Images is Dan Hartman's second full-length release but his first album of new material. It features an interesting mix of players to assist the multi-instrumentalist continue his pop rock themes featured in his tenure with the Edgar Winter Group and fittingly has Edgar Winter, Rick Derringer and Ronnie Montrose as guests. Montrose appears on two songs which was in exchange for the two Hartman written songs, "What are You Waiting For?" and "Rich Man", that appeared on Jump On It, the same year. Drummer John Wilcox and bassist John Siegler, both of Utopia, were the principal rhythm section.

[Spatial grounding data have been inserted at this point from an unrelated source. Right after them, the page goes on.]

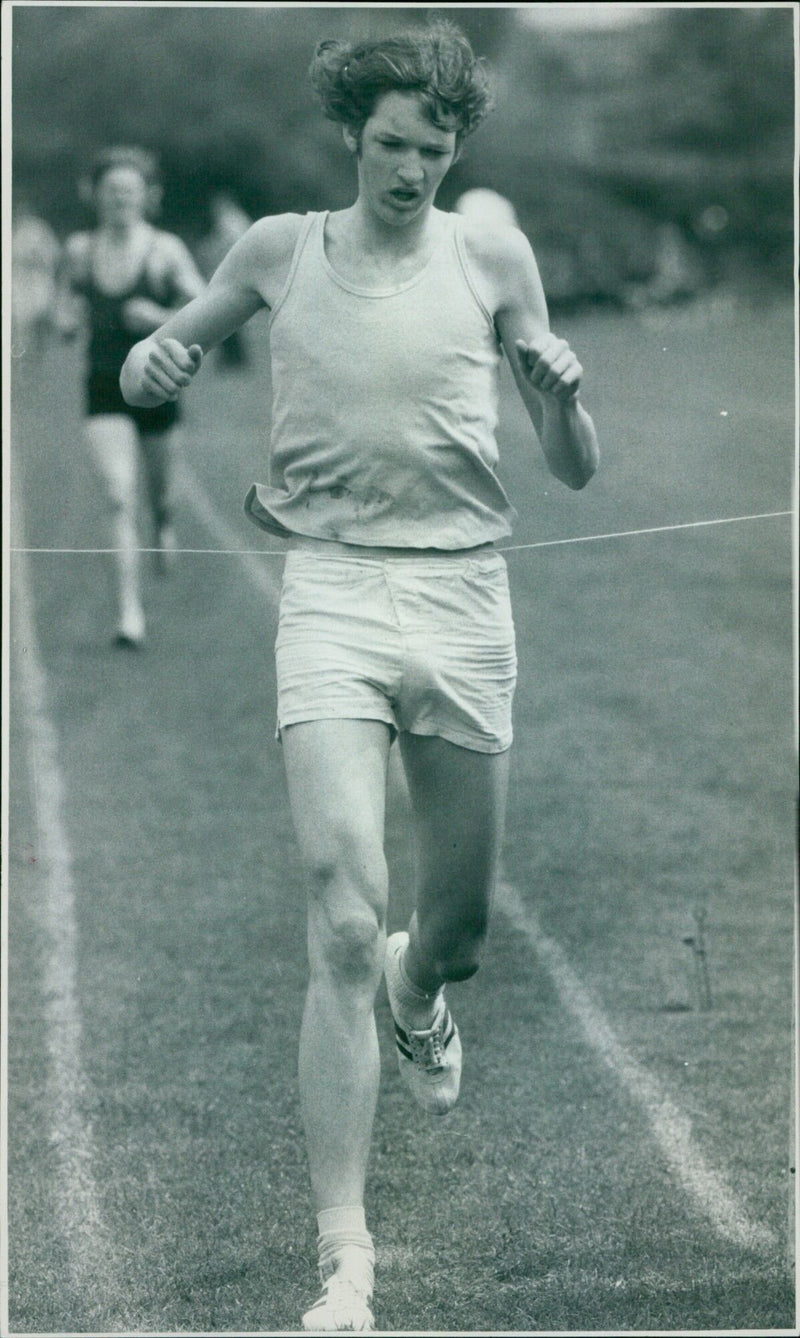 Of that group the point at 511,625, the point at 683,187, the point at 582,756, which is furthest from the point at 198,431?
the point at 683,187

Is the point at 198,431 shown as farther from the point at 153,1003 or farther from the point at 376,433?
the point at 376,433

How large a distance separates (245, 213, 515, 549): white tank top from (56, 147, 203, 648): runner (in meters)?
3.23

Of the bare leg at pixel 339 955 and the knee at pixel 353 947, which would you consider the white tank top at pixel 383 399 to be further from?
the knee at pixel 353 947

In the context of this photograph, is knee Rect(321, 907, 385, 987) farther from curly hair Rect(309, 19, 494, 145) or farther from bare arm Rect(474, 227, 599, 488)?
curly hair Rect(309, 19, 494, 145)

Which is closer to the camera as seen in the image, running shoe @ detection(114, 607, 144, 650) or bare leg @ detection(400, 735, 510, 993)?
bare leg @ detection(400, 735, 510, 993)

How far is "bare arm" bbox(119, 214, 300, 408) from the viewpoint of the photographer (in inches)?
180

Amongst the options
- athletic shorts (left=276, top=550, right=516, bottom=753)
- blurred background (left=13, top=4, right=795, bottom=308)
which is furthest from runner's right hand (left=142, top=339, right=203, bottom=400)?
blurred background (left=13, top=4, right=795, bottom=308)

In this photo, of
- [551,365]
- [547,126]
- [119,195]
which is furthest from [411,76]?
[547,126]

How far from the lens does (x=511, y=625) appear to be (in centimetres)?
478

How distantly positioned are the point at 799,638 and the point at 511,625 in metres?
0.57

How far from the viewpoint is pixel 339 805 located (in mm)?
4391

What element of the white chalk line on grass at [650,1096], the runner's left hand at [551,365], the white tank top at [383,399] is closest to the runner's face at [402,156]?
the white tank top at [383,399]

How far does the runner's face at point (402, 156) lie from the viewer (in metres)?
4.49

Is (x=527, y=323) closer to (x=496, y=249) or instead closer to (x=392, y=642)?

Other guests include Clarence Clemons, Randy Brecker, Hartman's father Carl, and from his hometown band The Legends, drummer Larry Sadler. Supplying background vocals on two songs was RSO Records' soul group, Revelation.

Continuing themes heard on They Only Come Out at Night, Hartman follows up with two Montrose-assisted straight-ahead rockers. "High Sign" sounds like the son of "Free Ride" with Ronnie supplying a revving sports car sound reminiscent of "Bad Motor Scooter". "The Party's in the Back Room" has the party continuing from "We All Had a Real Good Time". "Alta Mira"'s reggae flavor resurfaces on "Love It Too Much". The soothing acoustic sounds of "Autumn" echo back on "Thank You for the Good Times" and "My Love".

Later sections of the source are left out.